Hypergeometric Distribution

## Hypergeometric Distribution

A hypergeometric experiment is an experiment which satisfies each of the following conditions:

- The population or set to be sampled consists of $N$ individuals, objects, or elements (a finite population).
- Each object can be characterized as a "defective" or "non-defective", and there are $M$ defectives in the population.
- A sample of $n$ individuals is drawn in such a way that each subset of size $n$ is equally likely to be chosen.

## Hypergeometric Distribution

Suppose we have an hypergeometric experiment. That is, suppose there are $N$ units in the population and $M$ out of $N$ are defective, so $N-M$ units are non-defective.

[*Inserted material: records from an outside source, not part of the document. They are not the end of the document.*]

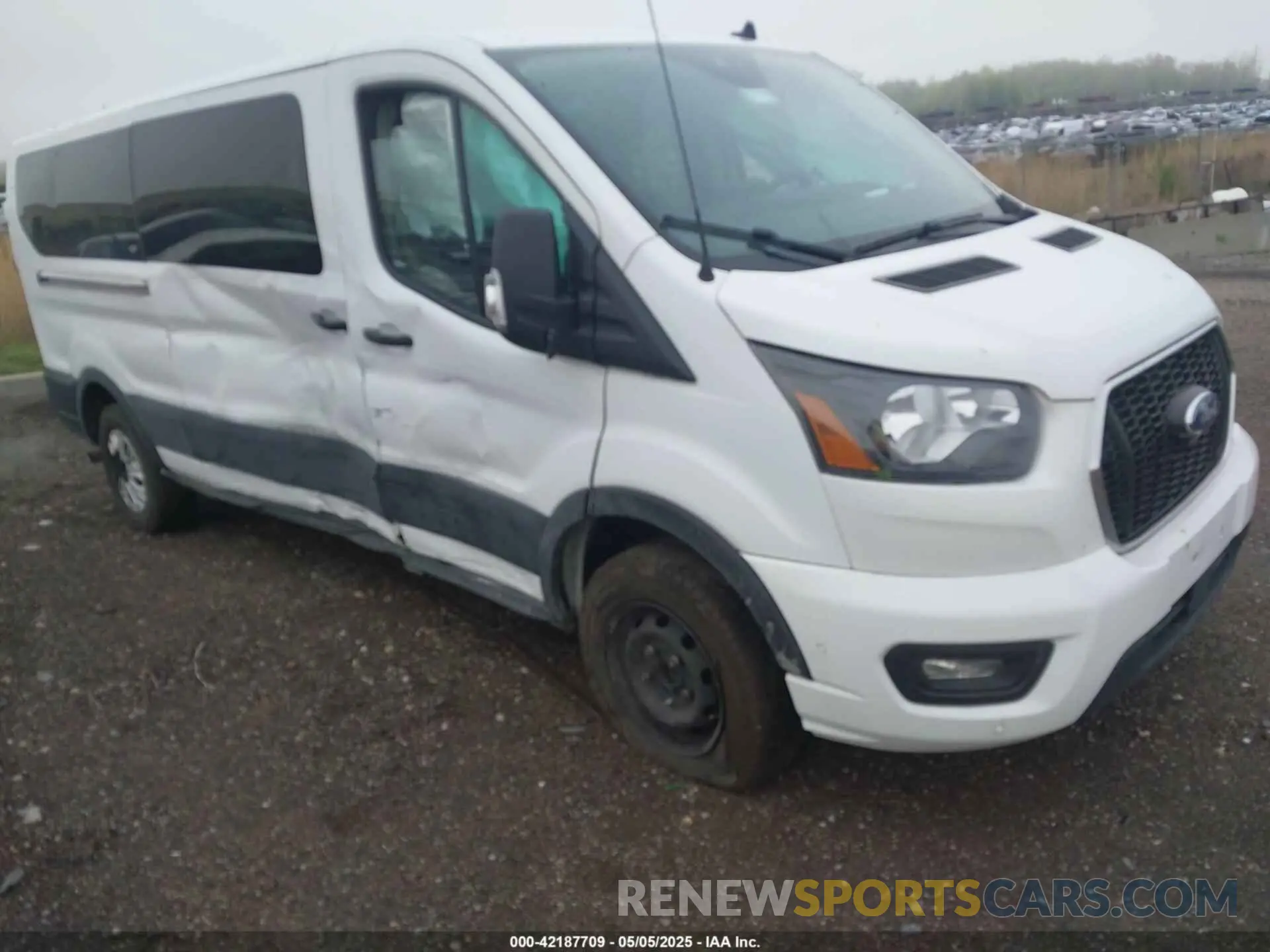 13 Photograph of a damaged car 1FBAX2YG1PKA92302 FORD TRANSIT-350 PASSENGER VAN 2023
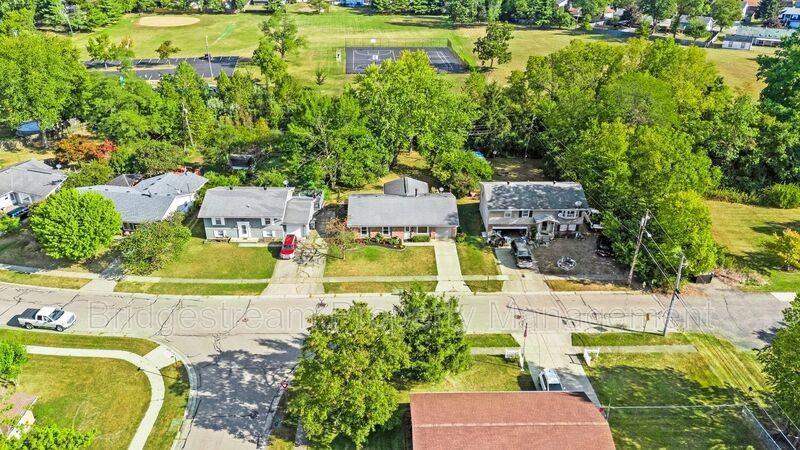 924 Tradewind Dr - Photo 5 of 32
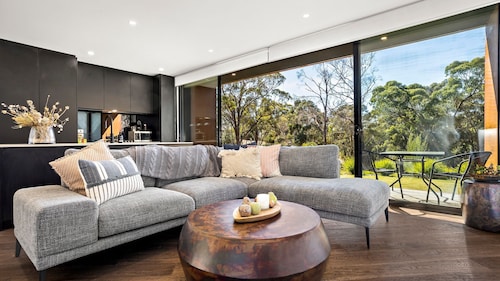 Lithic House stylish and modern with lovely bush setting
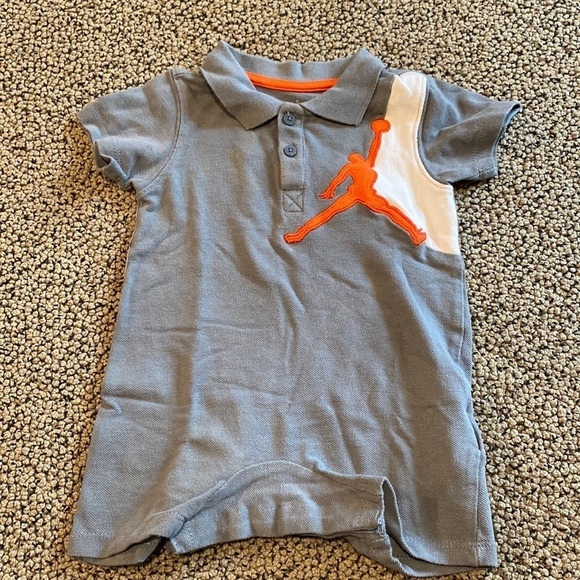 Air Jordan Gray& Orange Collard Onesie Size 12 Months in Like New Condition - Picture 1 of 6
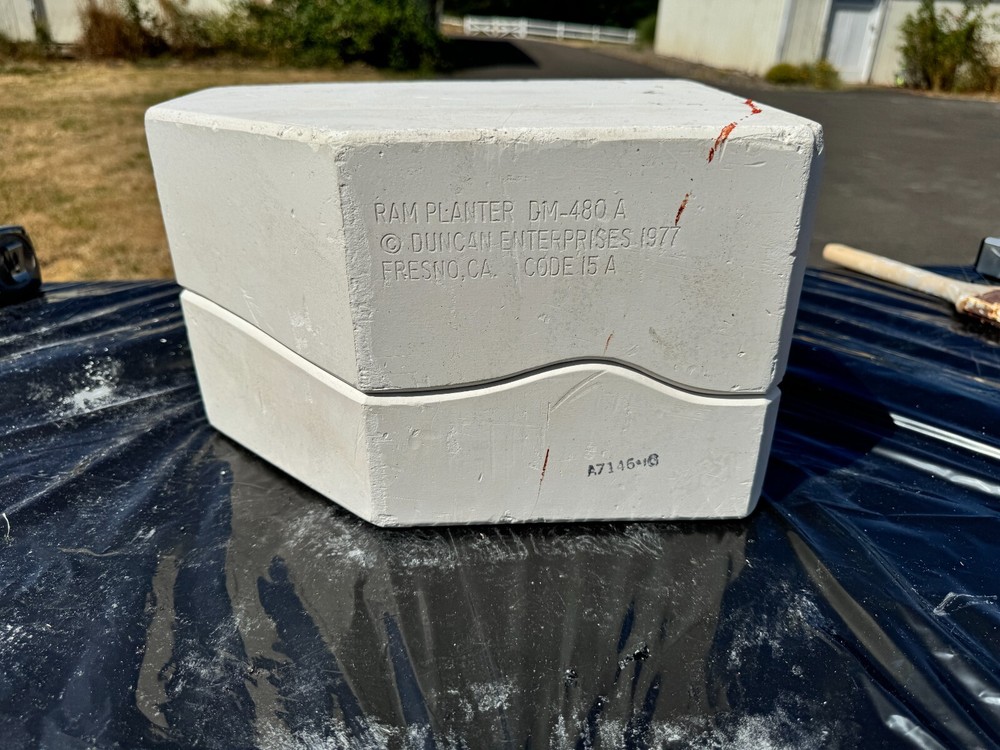 VINTAGE DUNCAN CERAMIC MOLD #DM- 480 A RAM PLANTER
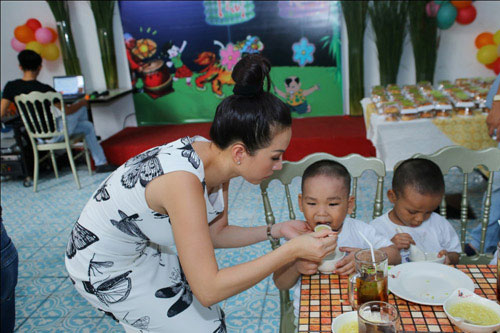 Mr Đàm mặc áo “bướm, chuồn” nhí nhảnh bên trẻ em 13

Let $X$ denote the number of defective in a completely random sample of size $n$ drawn from a population consisting of total $N$ units.

The total number of ways of finding $n$ units out of $N$ is $\binom{N}{n}$.

Out of $M$ defective units $x$ defective units can be selected in $\binom{M}{x}$ ways and out of $N-M$ non-defective units remaining $(n-x)$ units can be selected in $\binom{N-M}{n-x}$ ways.

Hence, probability of selecting $x$ defective units in a random sample of $n$ units out of $N$ is

` $$ \begin{equation*} P(X=x) =\frac{\text{Favourable Cases}}{\text{Total Cases}} \end{equation*} $$ `

` $$ \begin{equation*} \therefore P(X=x)=\frac{\binom{M}{x}\binom{N-M}{n-x}}{\binom{N}{n}},\;\; x=0,1,2,\cdots, n. \end{equation*} $$ `

The above distribution is called hypergeometric distribution.

**Notation:** $X\sim H(n,M,N)$.

## Graph of Hypergeometric Distribution H(5,5,20)

Following graph shows the probability mass function of hypergeometric distribution.

## Key Features of Hypergeometric Distribution

- Suppose there are $N$ units in the population. These $N$ units are classified as $M$ successes and remaining $N-M$ failures.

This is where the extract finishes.